Anniversary blessings

Common Ground Song 11 ‘As two we love’
Words: John Bell © WGRG / Iona Community. Music: traditional
YouTube recording: https://www.youtube.com/watch?v=YcuVA_rRoDE
Featured image: our wedding photo

When allocating some of the songs in the book to particular days or seasons of the year, I deliberately chose this one for the 12th April, which is our wedding anniversary. Linda and I chose it to be sung by the choir at our wedding. And this morning we returned to the church where we were married. A different priest is now in charge there, but other friends welcomed us warmly.

Written by John Bell, but rather than composing or using a Scottish tune as he often does, for this one he picked the English folk tune known as ‘Sussex Carol’ (best known to the words ‘On Christmas night all Christians sing’).

The hymn is really a prayer of blessing, as the chorus to each verse is ‘Praise, praise the Maker, Spirit, Son, blessing this marriage now begun’. It asks a blessing on the couple and on any children they might raise (as it happens, we have none). It asks the Holy Spirit to ‘sanctify [our] pledges’, which as much as anything is what makes the difference between a Christian wedding and a secular one: we bring God into the relationship from the start. In the last verse it asks God to bless each of us individually, to bless our dreams, hopes and joys, and to make us thankful to God for his love, for as St John reminds us so forcefully ‘God is love, and whoever lives in love, lives in union with God’, and God lives in union with them’ (1 John 4:16, Good News Bible).  

The second verse reminds us that we leave our birth families, in order to make our own. That does not mean, of course, that we cease to love our parents and siblings, only that the primary focus of our love and loyalty becomes the spouse. Just as when Jesus said that  anyone who wants to follow him must hate their family (Luke 14:26) he was using hyperbole, meaning that where there is a conflict of loyalty between our obligations to Jesus and to our family, he should have the higher priority. Fortunately, such conflicts are rare, but they do happen (such as where parents of one of the couple think that their choice of spouse is unsuitable, or oppose the marriage on religious grounds).

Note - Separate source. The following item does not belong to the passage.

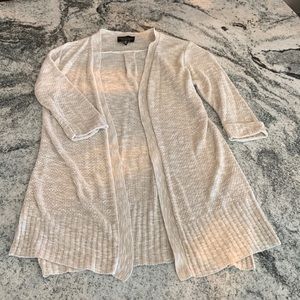 Absolutely creative worldwide top from stitch fix size medium ivory cardigan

There is just one line in the lyrics that could cause misunderstanding: ‘That is as God meant it to be, that man and woman should be one’. I am sure that John Bell did not intend that as an exclusive statement, and this hymn is not intended in any way to contribute to the debate around equal marriage, which the Church of England still does not officially condone (though several other Christian churches do). I would be interested to know of any same-sex couples who have had this sung at their wedding, with suitably adapted words.

Finally, the YouTube recording (an amateur one by a solo singer, and which I only found with the help of an AI assistant) adds an extra verse at the beginning, which is not in Common Ground: ‘That human life might richer be, That children may be named and known, That love finds its own sanctuary, That those in love stay not alone’. Marriage and family are (or should be) a kind of sanctuary, a safe place to come home to each day, whatever might have happened out in the world. It is tragic when selfishness, neglect or any kind of abuse make anyone feel unsafe in the family home. Let us pray God’s blessing on such families, that they may mend their relationships, or else go their separate ways in peace.